▶ _Problem to solve_: Find where "Image of Bobcat S740 equipment image 2" appears in the entries below. That line and all lines after it, through the last, are to be duplicated exactly, with nothing else.

▶ _Data for processing_:
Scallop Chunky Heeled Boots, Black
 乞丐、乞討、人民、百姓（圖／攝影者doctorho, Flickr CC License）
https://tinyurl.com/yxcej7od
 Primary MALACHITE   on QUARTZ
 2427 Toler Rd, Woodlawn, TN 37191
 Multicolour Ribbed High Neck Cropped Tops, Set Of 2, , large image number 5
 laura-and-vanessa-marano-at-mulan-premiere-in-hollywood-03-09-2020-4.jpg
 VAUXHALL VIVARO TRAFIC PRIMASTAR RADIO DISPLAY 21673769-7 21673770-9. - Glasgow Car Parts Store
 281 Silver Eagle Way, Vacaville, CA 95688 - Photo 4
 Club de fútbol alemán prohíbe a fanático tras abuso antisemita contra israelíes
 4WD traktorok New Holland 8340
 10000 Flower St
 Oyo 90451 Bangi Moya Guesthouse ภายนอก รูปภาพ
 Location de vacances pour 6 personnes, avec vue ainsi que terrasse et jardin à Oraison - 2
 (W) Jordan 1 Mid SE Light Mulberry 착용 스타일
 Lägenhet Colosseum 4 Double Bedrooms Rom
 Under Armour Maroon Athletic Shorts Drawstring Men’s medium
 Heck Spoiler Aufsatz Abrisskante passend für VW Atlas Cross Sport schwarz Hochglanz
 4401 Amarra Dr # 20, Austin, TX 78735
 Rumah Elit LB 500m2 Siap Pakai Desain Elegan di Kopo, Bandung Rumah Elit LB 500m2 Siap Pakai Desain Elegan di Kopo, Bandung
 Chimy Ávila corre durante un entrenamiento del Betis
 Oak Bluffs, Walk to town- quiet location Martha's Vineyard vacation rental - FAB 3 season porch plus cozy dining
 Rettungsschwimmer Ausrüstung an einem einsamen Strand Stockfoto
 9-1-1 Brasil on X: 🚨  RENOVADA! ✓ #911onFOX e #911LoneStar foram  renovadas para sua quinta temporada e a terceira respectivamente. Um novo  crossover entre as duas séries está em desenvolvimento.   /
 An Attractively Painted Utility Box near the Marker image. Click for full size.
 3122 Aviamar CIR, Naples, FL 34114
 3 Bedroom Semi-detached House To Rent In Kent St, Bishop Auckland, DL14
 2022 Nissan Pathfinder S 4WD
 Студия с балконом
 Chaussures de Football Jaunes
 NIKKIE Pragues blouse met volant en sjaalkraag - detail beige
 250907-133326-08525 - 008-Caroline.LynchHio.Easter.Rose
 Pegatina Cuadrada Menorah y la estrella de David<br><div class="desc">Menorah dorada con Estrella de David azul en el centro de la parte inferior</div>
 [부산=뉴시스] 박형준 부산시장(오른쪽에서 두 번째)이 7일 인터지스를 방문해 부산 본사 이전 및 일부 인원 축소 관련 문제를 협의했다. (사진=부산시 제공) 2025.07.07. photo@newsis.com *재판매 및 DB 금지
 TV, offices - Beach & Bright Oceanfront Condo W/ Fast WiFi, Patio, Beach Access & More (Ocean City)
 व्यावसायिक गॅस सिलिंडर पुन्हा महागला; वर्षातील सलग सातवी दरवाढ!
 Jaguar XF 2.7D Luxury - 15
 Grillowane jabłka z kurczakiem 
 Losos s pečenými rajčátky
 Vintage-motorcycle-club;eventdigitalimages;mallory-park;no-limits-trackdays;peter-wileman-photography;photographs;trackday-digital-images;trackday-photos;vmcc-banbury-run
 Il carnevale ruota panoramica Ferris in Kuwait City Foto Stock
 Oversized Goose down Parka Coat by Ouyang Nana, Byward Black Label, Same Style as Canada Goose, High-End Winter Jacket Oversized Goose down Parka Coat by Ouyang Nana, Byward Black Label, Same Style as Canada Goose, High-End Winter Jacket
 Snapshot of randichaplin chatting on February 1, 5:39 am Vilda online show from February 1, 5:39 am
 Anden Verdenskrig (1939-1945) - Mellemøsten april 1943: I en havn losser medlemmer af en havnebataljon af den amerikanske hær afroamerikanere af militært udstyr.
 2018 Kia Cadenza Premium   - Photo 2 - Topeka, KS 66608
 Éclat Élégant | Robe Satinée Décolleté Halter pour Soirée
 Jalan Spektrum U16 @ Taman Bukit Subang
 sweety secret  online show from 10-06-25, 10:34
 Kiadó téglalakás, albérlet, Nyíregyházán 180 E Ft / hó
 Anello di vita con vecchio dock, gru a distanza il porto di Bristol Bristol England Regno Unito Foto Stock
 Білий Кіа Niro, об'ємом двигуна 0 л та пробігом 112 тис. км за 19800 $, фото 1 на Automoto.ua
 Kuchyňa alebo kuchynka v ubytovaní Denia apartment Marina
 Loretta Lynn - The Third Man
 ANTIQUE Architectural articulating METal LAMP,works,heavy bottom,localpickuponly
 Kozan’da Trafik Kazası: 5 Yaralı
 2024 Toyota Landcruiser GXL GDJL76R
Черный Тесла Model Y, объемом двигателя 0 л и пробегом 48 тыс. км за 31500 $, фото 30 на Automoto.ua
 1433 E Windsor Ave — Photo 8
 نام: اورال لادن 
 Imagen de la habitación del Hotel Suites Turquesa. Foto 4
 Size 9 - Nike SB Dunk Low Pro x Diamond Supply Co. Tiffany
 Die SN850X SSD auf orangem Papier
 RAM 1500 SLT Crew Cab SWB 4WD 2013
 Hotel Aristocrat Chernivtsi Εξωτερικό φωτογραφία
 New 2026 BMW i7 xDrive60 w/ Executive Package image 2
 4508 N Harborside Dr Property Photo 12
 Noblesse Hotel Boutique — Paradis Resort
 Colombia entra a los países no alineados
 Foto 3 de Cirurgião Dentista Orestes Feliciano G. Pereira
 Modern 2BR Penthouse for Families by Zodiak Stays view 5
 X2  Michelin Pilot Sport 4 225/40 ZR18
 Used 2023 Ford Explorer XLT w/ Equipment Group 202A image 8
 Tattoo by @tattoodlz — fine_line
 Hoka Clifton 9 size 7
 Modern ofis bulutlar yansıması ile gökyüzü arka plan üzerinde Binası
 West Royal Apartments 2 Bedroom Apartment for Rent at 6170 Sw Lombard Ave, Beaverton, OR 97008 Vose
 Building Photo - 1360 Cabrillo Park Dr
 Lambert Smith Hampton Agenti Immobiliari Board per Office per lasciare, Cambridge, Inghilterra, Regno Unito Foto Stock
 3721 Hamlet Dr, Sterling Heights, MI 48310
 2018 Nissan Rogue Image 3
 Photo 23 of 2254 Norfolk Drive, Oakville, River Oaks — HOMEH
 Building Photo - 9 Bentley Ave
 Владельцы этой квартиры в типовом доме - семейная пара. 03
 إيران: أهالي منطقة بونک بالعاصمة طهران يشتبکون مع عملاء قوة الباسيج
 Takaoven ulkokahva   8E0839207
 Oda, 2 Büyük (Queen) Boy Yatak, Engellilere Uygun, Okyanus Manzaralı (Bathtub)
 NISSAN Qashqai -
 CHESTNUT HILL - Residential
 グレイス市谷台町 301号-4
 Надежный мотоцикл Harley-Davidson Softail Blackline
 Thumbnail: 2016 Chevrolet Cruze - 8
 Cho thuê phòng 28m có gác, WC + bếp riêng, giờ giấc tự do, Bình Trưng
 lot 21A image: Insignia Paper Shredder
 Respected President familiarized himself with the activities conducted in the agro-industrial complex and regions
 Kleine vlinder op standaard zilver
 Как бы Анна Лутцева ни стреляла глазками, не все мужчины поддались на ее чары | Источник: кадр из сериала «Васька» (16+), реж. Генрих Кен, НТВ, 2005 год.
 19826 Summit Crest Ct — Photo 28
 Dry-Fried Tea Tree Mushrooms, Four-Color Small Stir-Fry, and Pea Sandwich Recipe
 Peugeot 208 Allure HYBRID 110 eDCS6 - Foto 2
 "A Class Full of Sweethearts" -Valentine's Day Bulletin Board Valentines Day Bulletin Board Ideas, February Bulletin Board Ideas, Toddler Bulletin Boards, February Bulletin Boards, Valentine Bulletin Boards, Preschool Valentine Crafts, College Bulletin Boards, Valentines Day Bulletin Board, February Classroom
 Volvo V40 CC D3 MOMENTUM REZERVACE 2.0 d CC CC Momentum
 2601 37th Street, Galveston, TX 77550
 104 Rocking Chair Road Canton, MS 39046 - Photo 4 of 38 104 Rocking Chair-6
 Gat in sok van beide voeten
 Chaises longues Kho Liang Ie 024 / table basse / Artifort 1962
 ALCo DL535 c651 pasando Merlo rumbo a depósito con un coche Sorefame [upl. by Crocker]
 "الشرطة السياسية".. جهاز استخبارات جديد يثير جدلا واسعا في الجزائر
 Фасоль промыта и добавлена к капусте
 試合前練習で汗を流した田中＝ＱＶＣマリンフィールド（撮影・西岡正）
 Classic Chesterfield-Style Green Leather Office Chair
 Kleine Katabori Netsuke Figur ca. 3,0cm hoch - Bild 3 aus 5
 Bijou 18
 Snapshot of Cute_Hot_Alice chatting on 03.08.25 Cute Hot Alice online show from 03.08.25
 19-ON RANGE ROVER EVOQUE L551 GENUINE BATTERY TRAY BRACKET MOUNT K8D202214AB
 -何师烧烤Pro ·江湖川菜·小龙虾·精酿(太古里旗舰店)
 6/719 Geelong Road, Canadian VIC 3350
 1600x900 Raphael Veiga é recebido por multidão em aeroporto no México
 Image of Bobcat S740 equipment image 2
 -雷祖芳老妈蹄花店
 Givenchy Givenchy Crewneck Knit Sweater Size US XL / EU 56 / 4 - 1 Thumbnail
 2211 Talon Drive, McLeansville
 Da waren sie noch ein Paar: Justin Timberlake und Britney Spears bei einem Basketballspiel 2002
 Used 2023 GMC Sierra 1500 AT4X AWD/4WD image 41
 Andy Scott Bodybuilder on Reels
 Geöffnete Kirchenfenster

▶ _Expected output_:
 Image of Bobcat S740 equipment image 2
 -雷祖芳老妈蹄花店
 Givenchy Givenchy Crewneck Knit Sweater Size US XL / EU 56 / 4 - 1 Thumbnail
 2211 Talon Drive, McLeansville
 Da waren sie noch ein Paar: Justin Timberlake und Britney Spears bei einem Basketballspiel 2002
 Used 2023 GMC Sierra 1500 AT4X AWD/4WD image 41
 Andy Scott Bodybuilder on Reels
 Geöffnete Kirchenfenster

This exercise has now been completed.